Bush, in his first speech to a joint session of Congress Tuesday night, generally was received warmly by Democrats, who joined Republicans in cheering his promises to increase funding for education and defense and double the budget of the National Institutes of Health.

But there was near universal opposition to Bush's 10-year, $1.6 trillion tax proposal, which Democrats said was too big, too weighted to the rich and too optimistic in its projections of future government surpluses.

Sen. Tom Daschle of South Dakota, the Senate Democratic leader, said in the Democratic response to Bush that when interest on the debt and other hidden costs are included, the cost of the Bush tax plan is well over $2 trillion. "It will consume nearly all of the available surplus — at the expense of prescription drug coverage, education, defense and other critical priorities."

Daschle and other Democrats made comparisons to 1981 when new Republican President Reagan pushed through a big tax cut with a big boost in defense spending, contributing to a sharp jump in deficit spending.

Sen.

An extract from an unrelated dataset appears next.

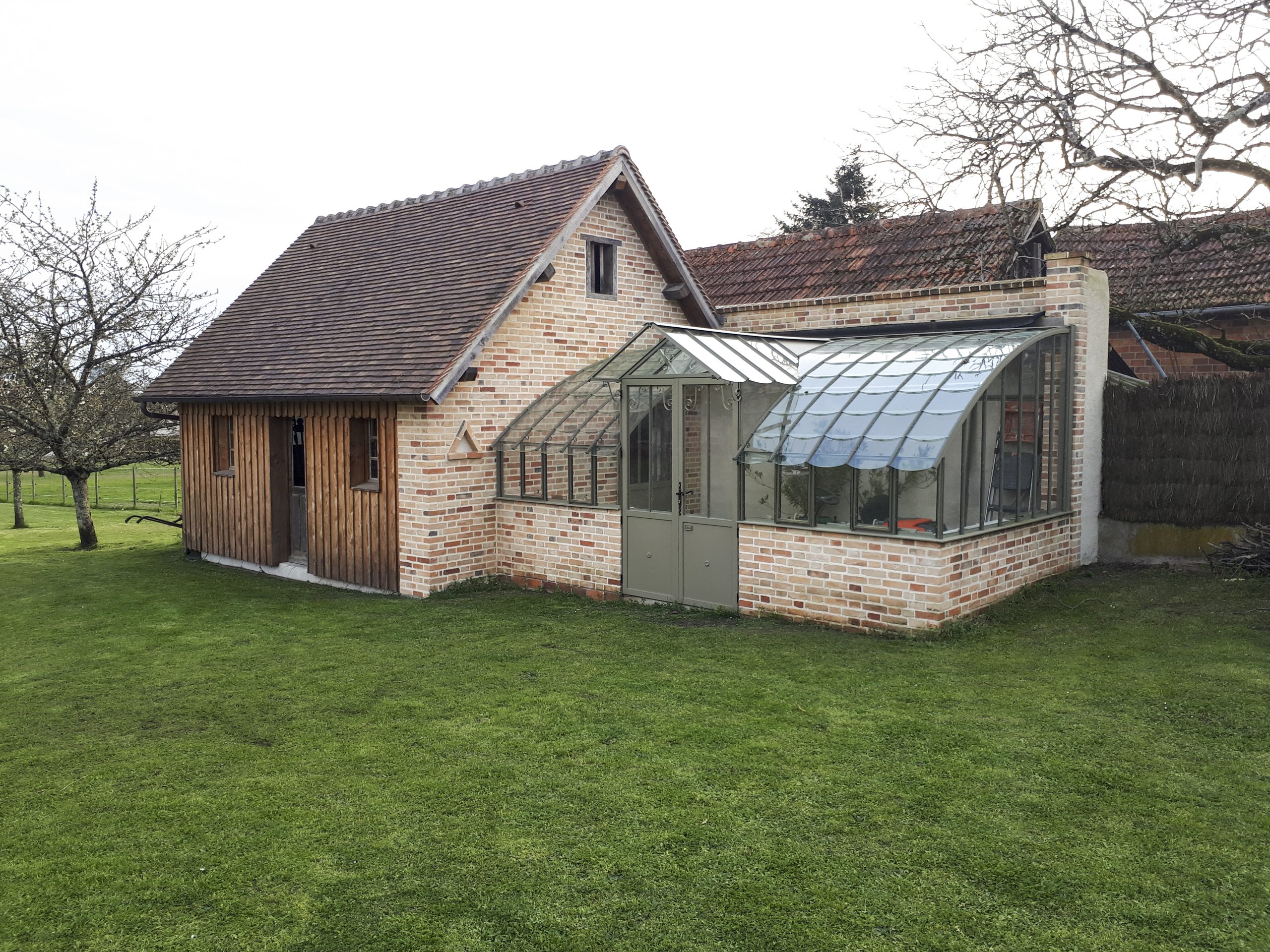 maison en briques avec serre accolée maison en briques avec serre accolée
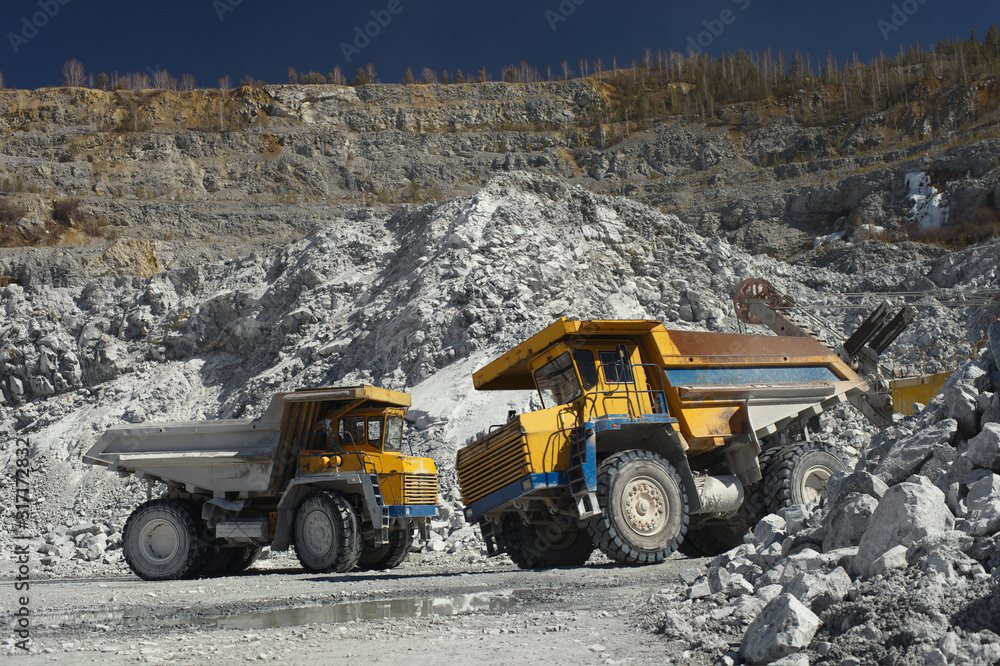 Two heavy quarry trucks inside a quarry for limestone mining, close-up. Heavy equipment. Mining industry. Two heavy quarry trucks inside a quarry for limestone mining, close-up. Heavy equipment. Mining industry.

Robert Byrd, D-W.Va., the ranking Democrat on the Senate Appropriations Committee, said that in 1981 he listened to those who said he should give the new president a chance. But "it took years for us to work our way out of the deficit ditch," he said. "We should not engage in this colossal gamble."

"In the early 1980s, under another charismatic Republican president, we passed tax cuts that sounded good at the time but led to years of deficits and put our economy in bad shape," said Rep. Charles Rangel of New York, ranking Democrat on the tax-writing Ways and Means Committee.

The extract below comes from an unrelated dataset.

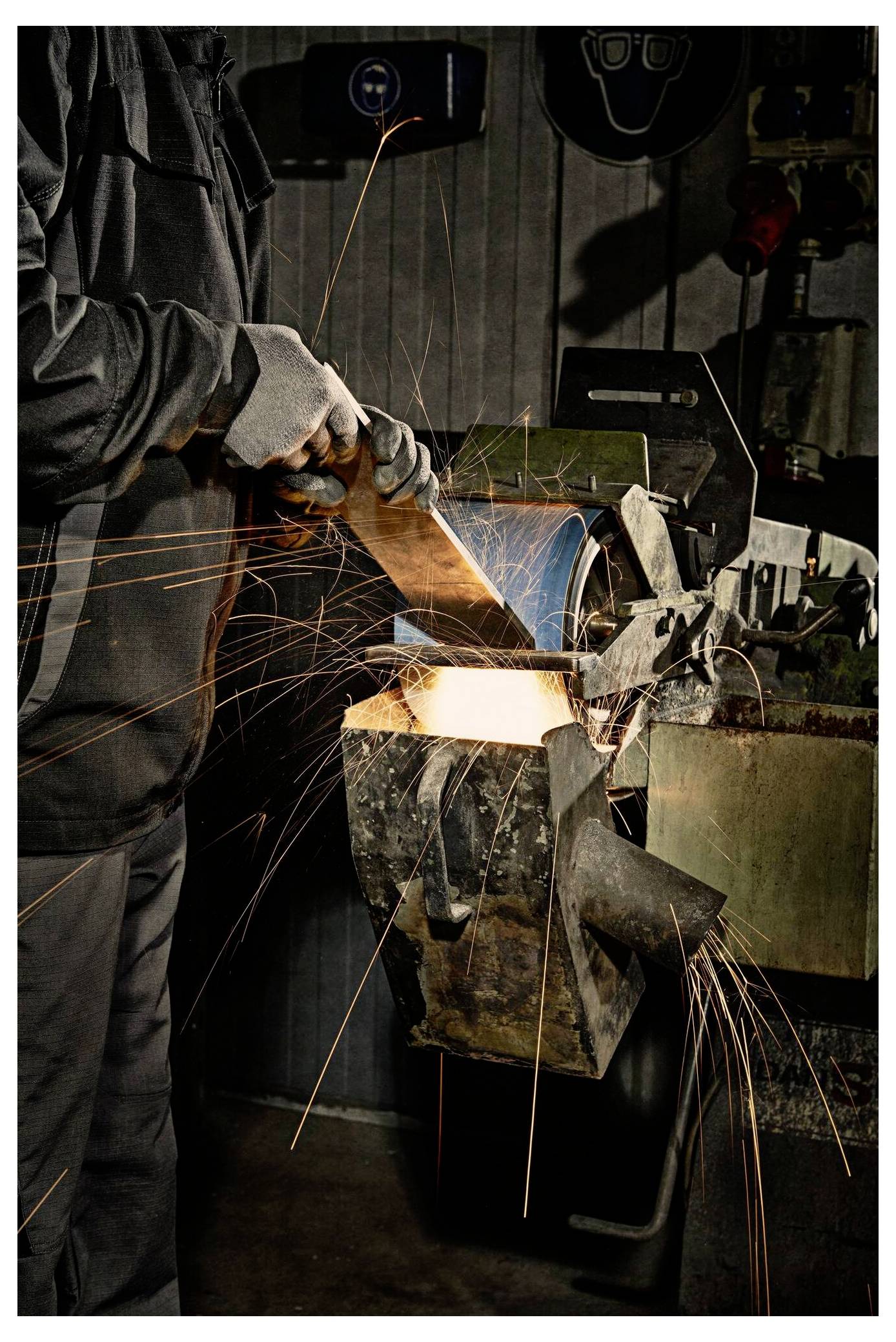 Osoba szlifuje element metalowy na stole szlifierskim, wytwarzając snop iskier. Ma na rękach rękawice ochronne i znajduje się w pomieszczeniu warsztatowym.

Bush, who is offering his 2002 budget proposal to Congress on Wednesday, insists that he can meet the nation's priorities, protect Social Security and Medicare and still give Americans the tax cut they deserve. Democrats have proposed $900 billion in tax relief, saying anything larger than that would endanger fiscal responsibility and undermine efforts to pay down the public debt.

"If what the president said tonight sounded too good to be true, it probably is," said House Democratic leader Dick Gephardt, who joined Daschle in the post-speech response.